Peter Gunthorp, Managing Director, Research & Analytics, FTSE Group, said: “We are delighted to announce the launch of the FTSE Implied Volatility Index Series, which provides investors with an indicator of market sentiment and potential future volatility. The new index series is calculated using an improved algorithm which captures the curvature of the index option price profile better than other approaches.”

Sudir Raju, Managing Director, ETP Relationships (EMEA), FTSE Group, added: “Volatility is a key component in the pricing of structured products and volatility indices are widely used as the underlying for tradable volatility products. The FTSE IVI allows a wider investor base, including institutional and retail investors, asset allocators and hedge funds, to observe equity index volatility more easily.”

For each market 30, 60, 90 and 180-day implied volatility estimates are available. Additionally, a 360-day implied volatility estimate is available for the FTSE 100. All indices are calculated and disseminated on an end of day basis.

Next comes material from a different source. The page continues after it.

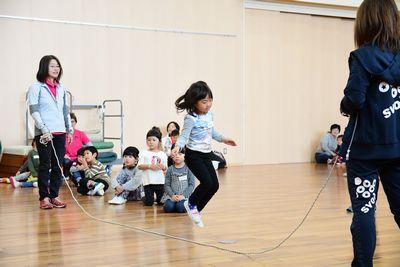 スタッフの女性が回す大繩を飛ぶ女の子と、座って見ている子供たちの写真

In addition to the VIX, which dominates in the US, the other leading implied volatility index currently on investors’ radar is the Euro Stoxx 50 Volatility Index (VSTOXX). The VSTOXX is widely viewed as Europe’s equivalent of the VIX.

The VIX, which was introduced by the Chicago Board Option Exchange (CBOE), measures the market expectations of near-term volatility conveyed by S&P 500 stock index option prices. Since its introduction in 1993, the index has become the world’s most prominent barometer of investor sentiment and market volatility and is commonly referred to as Wall Street’s ‘fear gauge’.

Introduced by Stoxx in 2005, the VSTOXX is based on similar principles to the VIX and measures the market expectations of volatility as implied by Euro Stoxx 50 options. Stoxx also offers implied volatility indices on Germany’s DAX index and Switzerland’s SMI index. FTSE’s launch of UK and Italian implied volatility indices fills an important gap in the market.

Both the VIX and VSTOXX are used as underlying indices for a range of exchange-traded products (ETPs). Examples include the S&P 500 VIX Futures Source ETF (VIXS) and Lyxor ETF S&P 500 VIX Futures Enhanced Roll (LVX) based on the VIX, and the ETF Securities ETFX-BofAML iVSTOXX ETF (VSTX) and Barclays iPath VSTOXX Short-Term Futures TR ETN (VSXX) on the VSTOXX.

Given the success of existing volatility-based ETPs, which have gathered many billions in assets globally, some kind of index-linked product based on these new indices – particularly the FTSE 100 version – seems eminently possible.